The Workspace Model appears to be capable of solving these issues.

The Literature

De Vleeshauwer et al.

Dynamic microcell assignment for massively multiplayer online gaming (Proceedings of 4th ACM SIGCOMM workshop on Network and system support for games) De Vleeschauwer et al. Link

Terminology

In this paper, use refer to segments of the world as cells. At least in the naive approach, where distributing the world over many servers is accomplished by dividing the world into cells, which are simply areas defined by a homogeneous grid, and assigning a server to each one.

Areas where there are higher concentrations of players, are identified as hotspots.

Microcells are much smaller, yet still grid-based, cells. In their simulations they entertain different amounts of microcells (2x2 to 16x16).

Idea of Microcells

Their idea of microcells differs slightly from what we had already discussed regarding the shrinking and growing of the borders of our existing cells. It seems to be a pretty good idea, and should be considered. Instead of having many cells contracting and expanding in order to provide the best 'grip' on the amount of players, they subdivide thier cells into microcells, and then assign sets of microcells to each server. This relaxes the constraint of cells needing to be rectangular, without involving the headaches of polygonal cells.

Algorithms

They provide high level descriptions of existing algorithms, but do not get into their implementation. First, they describe two greedy algorithms, a simulated annealing algorithm, then theoptimal (but time consuming) algorithm.

Balanced Deployment Algorithm

The balanced deployment algorithm iterates through each microcell, in decreasing order of player load, and assigns it to the server with the least responsabilities.

Clustering Deployment Algorithm

The next greedy algorithm is an optimisation of the aforementioned algorithm. It clusters together the microcells based on the likelyhood of inter-cluster communication. This will allow for faster message passing between players on different clusters by placing them on the same server. This will lead to faster message passing at the cost of potential imbalance of computational responsability across servers.
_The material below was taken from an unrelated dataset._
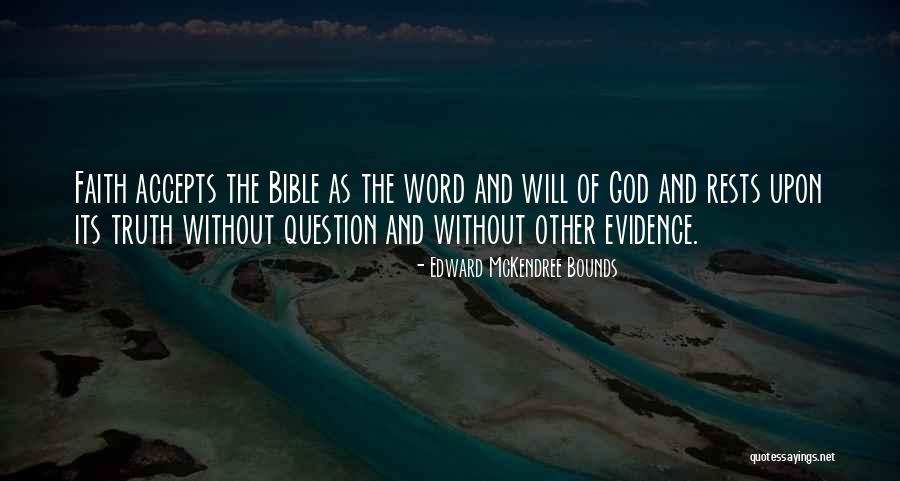 Evidence Bible Quotes By Edward McKendree Bounds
Simulated Annealing Deployment Algorithm

This approach, which has been used to solve combinatorial optimization problems, picks a solution, then repeatedly modifies it in an attempt to find a better one. The problem of having an absolutely terrible, pseudo-random starting solution is sovled by using one of the earlier algorithms to generate the starting position in the solution space.
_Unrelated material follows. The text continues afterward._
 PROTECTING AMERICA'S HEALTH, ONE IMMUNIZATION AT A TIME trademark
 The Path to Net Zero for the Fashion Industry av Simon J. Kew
Optimal Deployment Algorithm

Given enough time (they estimate several days on a desktop computer for a small world of 64 microcells) and integer linear programming you can come up with the best possible deployment. Obviously, in a realtime game this can not be implemented with current technology, but it provides a good benchmark against which we can compare other algorithms.

Metrics for Evaluating

The authors have given us a nice table of event weights that each player might undertake. They are presented as a two dimensional table, where each of the actions have a weight if performed locally and externally. This along with an enormous formula included in the appendix can be used to compare the algorithms provided the state of a virtual world. This data was collected from an existing multiplayer game named Crossfire.

Conclusions

Their microcell approach does do a good job of balancing server load, as well as minimizing the weight of the operations required. There is an optimum amount of microcells (seems to be 4x4), after which the server load starts creeping up again.

How this can benefit us

There doesn't seem to be much about the QOS of the gameplay. It cannot be assumed that less busy servers will increase feedthrough. This would be interesting to take a look at. Their algorithms, and their idea of microcells could be a good architecture to use and apply to the Workspace objects we'll be using. It also means that instead of having 'borders', we can represent the contents of microcells on the edges of servers on each side.